Document to XML Converter

 

Home ANSI X12 EDIFACT SAP IDOC Download XML Links

Welcome to Suli Ding's Web site!

 

Electronic Commerce has bee used by many companies. The heart of E-Commerce is the interchange of business documents within computers. In order for computers to recognize and correctly process the documents, there are standards for these documents like ANSI X12, UN EDIFACT or some proprietary standards.

The fast way to move these e-commerce documents to XML is to build a converter utility program that can convert the existing standard documents onto XML. The converter utility is not a long term solution but it will save company time and money to go XML while gaining knowledge and experience of using XML.

I developed a small program "doc2xml" on my own. It can be used to convert documents to valid XML documents. With this program's help, EDI(ANSI, EDIFACT), SAP, NACHA, etc. documents can be converted to valid XML document.

 

"doc2xml" is written as a command line utility available on Windows and Unix platforms.
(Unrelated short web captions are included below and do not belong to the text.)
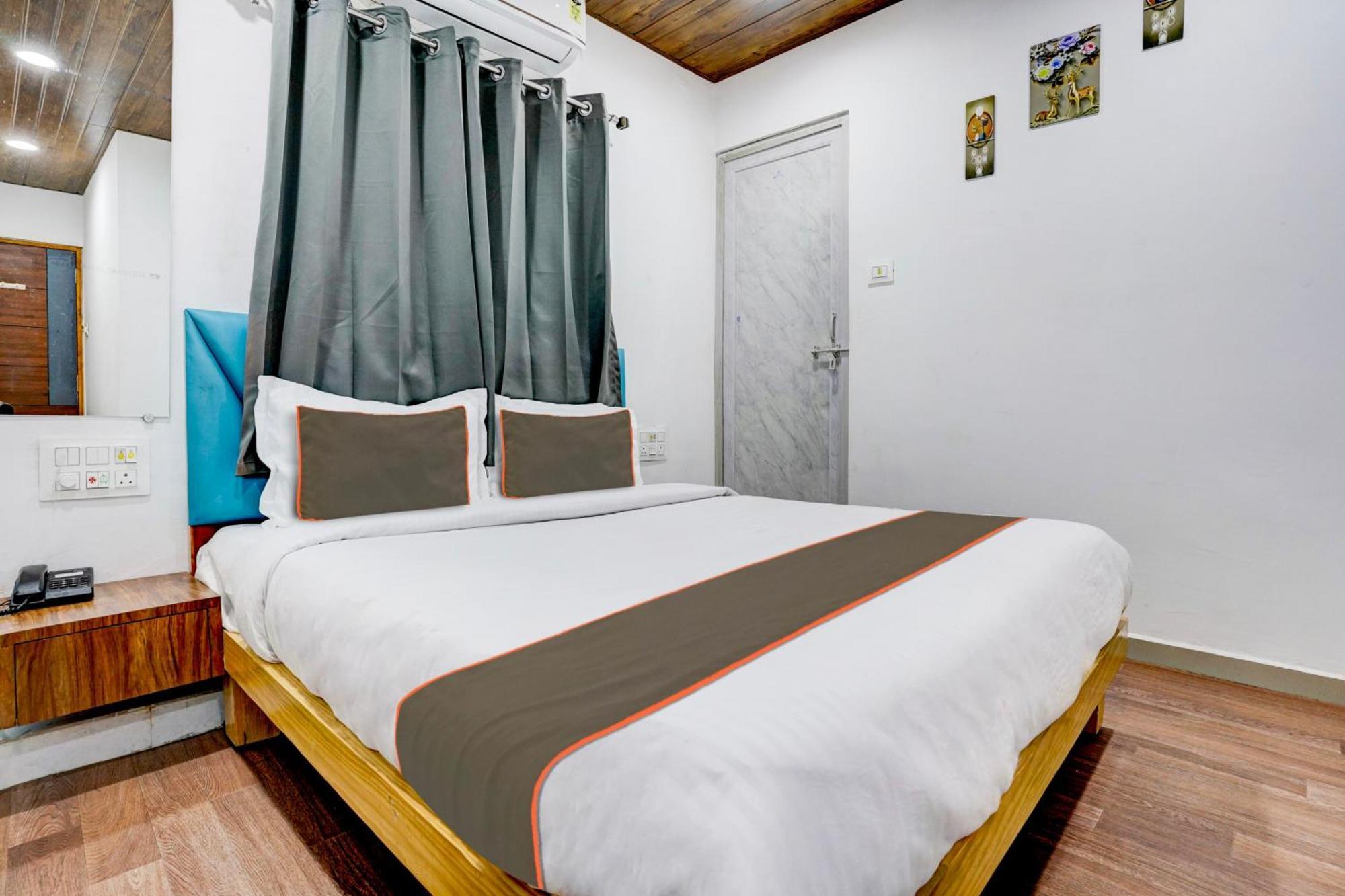 Hotel Silk, Premier Budget Friendly Luxury Hotel In Surat, Perfect For Families, Couples And Business Travelers Extérieur photo
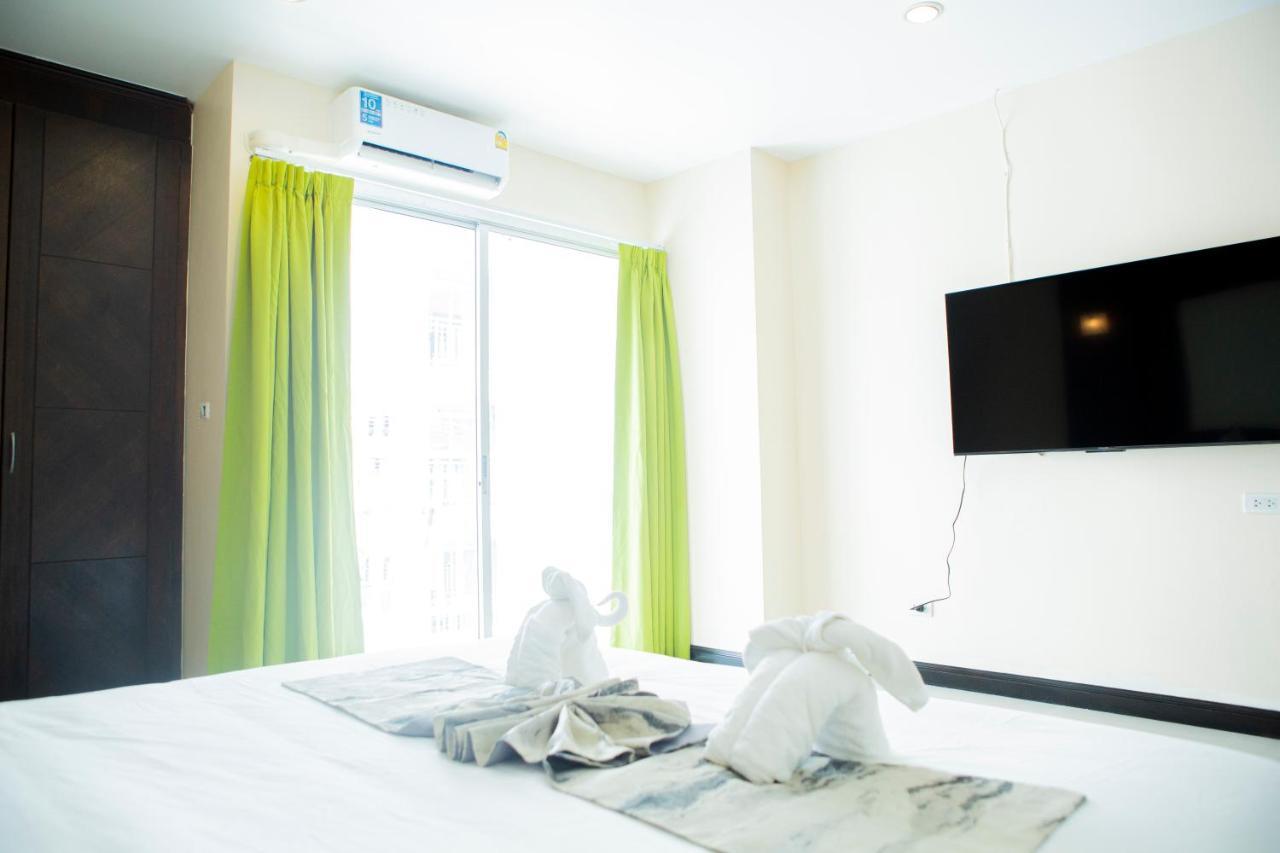 Deluxe Double Room with Balcony,1466751299:JPEG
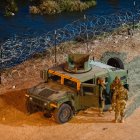 La Guardia Nacional de Texas estacionada a lo largo de la frontera de Estados Unidos con México en El Paso, Texas (EE.UU.), este 27 de diciembre de 2022. EFE/EPA/Justin Hamel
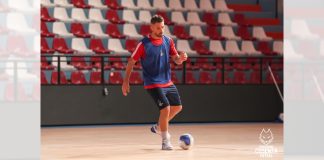 Futsal, la Pirossigeno Cosenza guarda al debutto tra le mura amiche Il capitano rossoblù Paride Marchio in allenamento (foto Michele De Marco)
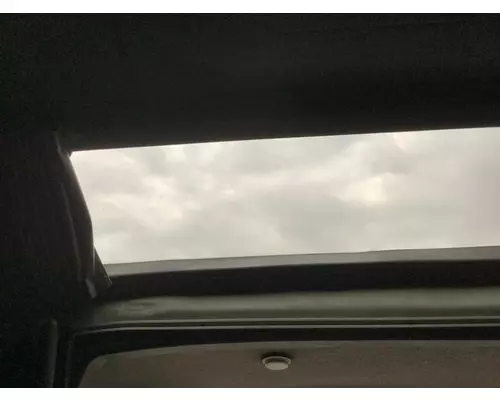 Roof Glass Mack CXU Vander Haags Inc Sp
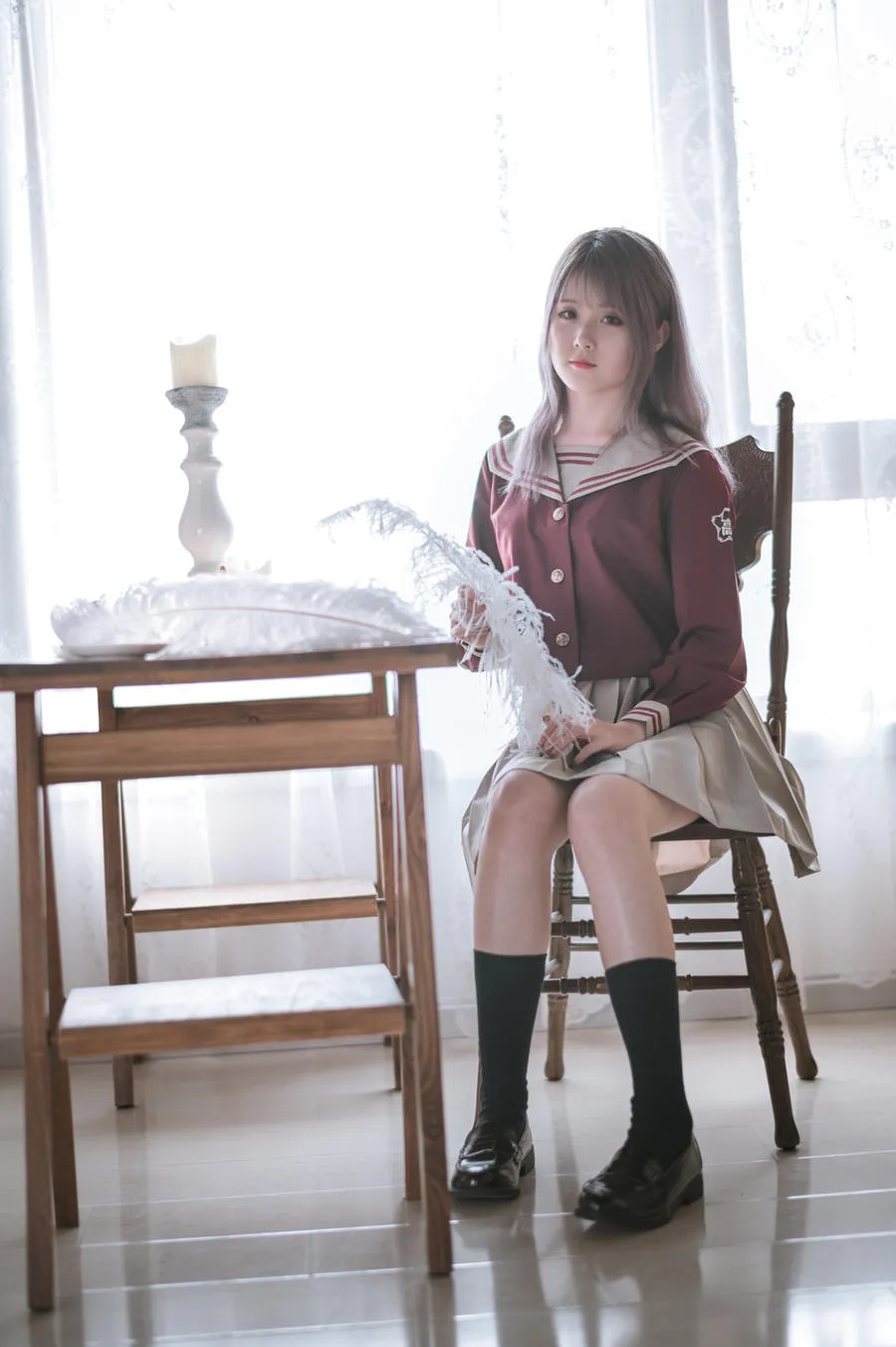 绮里嘉ula角色扮演专题与作品风格整理 绮里嘉ula写真作品整理 绮里嘉ula校园风造型中的背景、色调和空间层次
It takes an input template file and an input data file, to produce a XML document . The input template file defines the input data record/segment layout, how and where to extract information from the input data file for each field and what is the XML tag name to used for the extracted information. The program recognize two template file formats. One is specified via XML tag and the other is the keyword format. The output is written to a file (optionally be written to a socket connection). By default, the output file name is the input file name with ".XML" appended to it. User can specify an output file name.

 

The syntax to execute program "doc2xml" is:

doc2xml -ttemplate|-xXML_template [-e] [-oOutput file name] input_file

"-t" to specify the record template file name to use
"-x" to specify the XML template file name to user
        (either "-t" or "-x" must be used to specify a template file)
"-e" is optional. If it is specified, empty element will not be produced
"-o" is optional. If it is not specified, the output file name is constructed by appending ".XML" to the input data file name

 

In the template file, a header defines a group of segments/records. With the header itself, it defines the record/segment identifier (used to locate the record/segment), record separator (segment terminator), field/element separator and sub-field/sub-element separator. Along within the header, other attributes for the header tag may be defined.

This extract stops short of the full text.